The outside world pulled us back, but the impact of that window onto what this land has to offer has remained undiminished; in fact as some today wonder how the world will feed itself in a climate getting hotter and drier, our indigenous plant genetics may well be what saves us all. Certainly a growing cohort of agricultural scientists are thinking this way; among them Robert Henry, Professor of Innovation in Agriculture and Director of the Queensland Alliance for Agriculture and Food Innovation (QAAFI).
When he gazes ruefully northwards from the University of Queensland’s St Lucia campus, he finds himself caught between feeling excited and a niggling regret: “There’s a supermarket out there … but most Australians don’t even know it.”

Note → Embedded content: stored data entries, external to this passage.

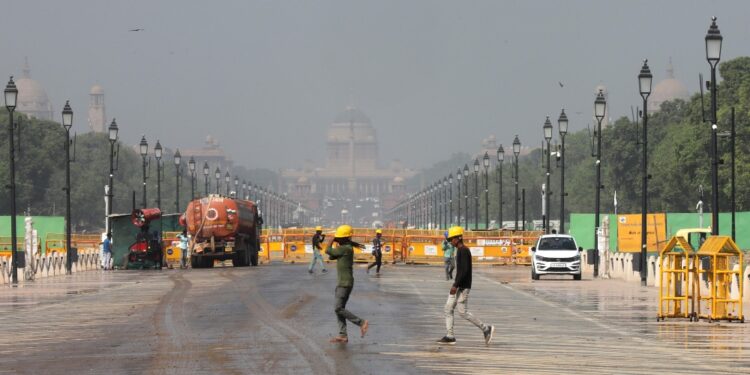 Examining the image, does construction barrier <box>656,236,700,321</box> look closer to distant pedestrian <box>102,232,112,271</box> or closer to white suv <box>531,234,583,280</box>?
white suv <box>531,234,583,280</box>

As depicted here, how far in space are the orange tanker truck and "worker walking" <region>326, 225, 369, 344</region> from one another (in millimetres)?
45683

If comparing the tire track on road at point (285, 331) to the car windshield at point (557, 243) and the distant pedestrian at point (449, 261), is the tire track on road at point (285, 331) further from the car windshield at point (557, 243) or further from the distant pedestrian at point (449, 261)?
the car windshield at point (557, 243)

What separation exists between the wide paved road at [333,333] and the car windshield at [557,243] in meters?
9.85

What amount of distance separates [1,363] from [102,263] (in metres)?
51.8

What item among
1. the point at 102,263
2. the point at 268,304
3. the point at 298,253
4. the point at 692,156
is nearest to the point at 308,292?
the point at 268,304

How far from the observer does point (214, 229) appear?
7225cm

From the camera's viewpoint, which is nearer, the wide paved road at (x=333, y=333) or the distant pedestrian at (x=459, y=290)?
the wide paved road at (x=333, y=333)

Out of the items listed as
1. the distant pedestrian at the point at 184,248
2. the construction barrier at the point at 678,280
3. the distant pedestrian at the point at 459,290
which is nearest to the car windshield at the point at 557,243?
the distant pedestrian at the point at 184,248

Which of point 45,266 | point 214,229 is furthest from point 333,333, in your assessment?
point 214,229

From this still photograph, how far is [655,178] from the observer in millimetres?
129875

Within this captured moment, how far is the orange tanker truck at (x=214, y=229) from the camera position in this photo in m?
72.2

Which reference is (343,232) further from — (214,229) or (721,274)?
(214,229)

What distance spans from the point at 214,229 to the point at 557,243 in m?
19.5

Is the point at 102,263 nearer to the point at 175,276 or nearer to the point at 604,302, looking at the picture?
the point at 175,276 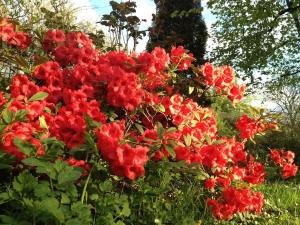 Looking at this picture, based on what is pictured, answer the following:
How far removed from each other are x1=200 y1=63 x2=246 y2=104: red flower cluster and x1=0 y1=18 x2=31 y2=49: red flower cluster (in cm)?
168

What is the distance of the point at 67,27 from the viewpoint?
638 centimetres

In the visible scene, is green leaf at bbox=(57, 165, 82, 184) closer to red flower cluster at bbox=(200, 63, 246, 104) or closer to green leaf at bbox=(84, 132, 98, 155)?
green leaf at bbox=(84, 132, 98, 155)

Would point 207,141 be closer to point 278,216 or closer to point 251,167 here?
point 251,167

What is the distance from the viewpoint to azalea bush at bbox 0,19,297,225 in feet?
7.70

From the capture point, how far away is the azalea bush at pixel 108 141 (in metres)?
2.35

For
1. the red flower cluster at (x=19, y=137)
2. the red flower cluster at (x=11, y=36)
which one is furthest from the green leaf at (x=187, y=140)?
the red flower cluster at (x=11, y=36)

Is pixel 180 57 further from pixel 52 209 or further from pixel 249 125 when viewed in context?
pixel 52 209

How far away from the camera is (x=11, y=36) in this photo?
3748 millimetres

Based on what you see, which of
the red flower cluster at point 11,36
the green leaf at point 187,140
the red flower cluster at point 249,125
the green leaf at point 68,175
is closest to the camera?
the green leaf at point 68,175

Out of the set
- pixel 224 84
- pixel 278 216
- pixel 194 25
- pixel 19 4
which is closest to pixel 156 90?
pixel 224 84

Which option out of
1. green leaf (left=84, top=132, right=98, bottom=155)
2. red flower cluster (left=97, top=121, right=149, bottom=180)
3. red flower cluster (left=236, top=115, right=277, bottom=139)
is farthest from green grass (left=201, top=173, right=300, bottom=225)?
green leaf (left=84, top=132, right=98, bottom=155)

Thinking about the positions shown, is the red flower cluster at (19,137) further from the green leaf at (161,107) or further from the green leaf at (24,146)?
the green leaf at (161,107)

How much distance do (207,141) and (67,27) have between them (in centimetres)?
359

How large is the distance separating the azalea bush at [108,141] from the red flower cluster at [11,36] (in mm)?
12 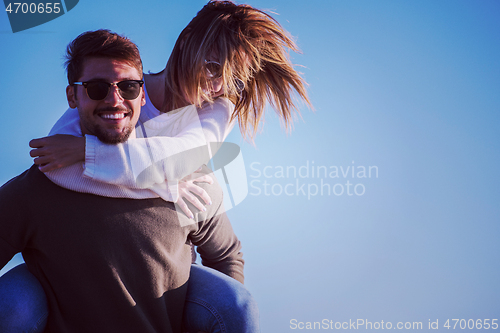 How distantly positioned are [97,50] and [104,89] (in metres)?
0.19

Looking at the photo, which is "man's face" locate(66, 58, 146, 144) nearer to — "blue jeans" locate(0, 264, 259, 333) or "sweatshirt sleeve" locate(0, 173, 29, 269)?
"sweatshirt sleeve" locate(0, 173, 29, 269)

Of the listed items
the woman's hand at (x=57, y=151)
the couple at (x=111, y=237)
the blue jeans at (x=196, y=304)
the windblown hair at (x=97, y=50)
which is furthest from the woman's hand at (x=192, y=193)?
the windblown hair at (x=97, y=50)

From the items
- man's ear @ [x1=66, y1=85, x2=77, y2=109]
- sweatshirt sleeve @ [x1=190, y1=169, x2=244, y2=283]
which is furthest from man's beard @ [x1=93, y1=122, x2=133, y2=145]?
sweatshirt sleeve @ [x1=190, y1=169, x2=244, y2=283]

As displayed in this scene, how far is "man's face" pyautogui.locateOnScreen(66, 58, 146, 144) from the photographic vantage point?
1999 millimetres

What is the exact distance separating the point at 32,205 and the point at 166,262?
1.94 feet

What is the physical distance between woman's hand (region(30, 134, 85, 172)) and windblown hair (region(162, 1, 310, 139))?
2.92 feet

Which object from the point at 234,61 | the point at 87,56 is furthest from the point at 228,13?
the point at 87,56

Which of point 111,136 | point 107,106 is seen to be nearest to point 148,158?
point 111,136

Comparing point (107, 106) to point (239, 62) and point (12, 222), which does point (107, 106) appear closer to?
point (12, 222)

Robert's excitement stems from the slow awakening to the enormous untapped food and cropping potential of countless indigenous plant species whose genetics could be critical to the planet’s food security. Internationally, northern Australia is already being talked about as the frontier for new plant genetics in indigenous grain-bearing grasses, pulses and fruits. This is of potentially huge value to plant breeders needing to bolster domesticated crops with increased climate resilience.
Putting to one side the vast spread of ‘bush tucker’ foods such as those enjoyed on what became many personal Kimberley sojourns over the years, Robert Henry also points to rice, ancestral grasses related to domesticated cereals like wheat, our own soybean, sorghum, mungbean, pigeon pea; even grapes. There are also four Australian citrus species that have useful disease-resistance traits as well as an early flowing trait that the American citrus industry has already exploited to breed earlier fruiting trees as a climate change measure.
So why have Australians remained so ignorant about our landscape for so long? Robert Henry suggests our native foods have mostly been overlooked because of the long-held, false, assumption that European settlement introduced the only food crops possible: “It was often noted by explorers and settlers that indigenous people didn’t undertake any traditional cultivation; the conclusion being they had no crops that could be farmed. Now, however, we are beginning to realise that indigenous plants bearing edible seeds and fruits were in such abundance naturally that a transition to farming, in the European sense, just wasn’t required.
“For example, native rice is everywhere and in naturally weed and disease-free stands. You don’t need to plant it; manage it. You just harvest and store … activities that were observed and recorded, but not understood. We were blinded to the significance of this by our need to see crops being cultivated.”
But scientists like Robert Henry are lifting the blindfold. He believes that exploiting our native foods resource is one of the most exciting opportunities presenting to agricultural science: “Most of what we are farming today is based on plants that were domesticated 10,000 years ago. Faced with climate change we have to broaden that genetic base.
"Exploiting the biodiversity existing in indigenous crops that are related to many introduced commercial varieties is an enormous opportunity.”
There are even dedicated research bodies emerging, like the ARC Training Centre for Uniquely Australian Foods and the CRC for Developing Northern Australia – and indigenous foods restaurants like Orana in Adelaide. It has captured world-wide attention for chef Jock Zonfrillo’s creative, studied, use of bush foods.
To see a Kimberly cooking fire be elevated to a fine dining experience – symbolically and literally – is a wonderful thing to behold and not something I thought would ever happen in my lifetime. I wish my first bush tucker teacher, Richard, was still around to see this slowly dawning appreciation for what our land and his precious culture has to offer.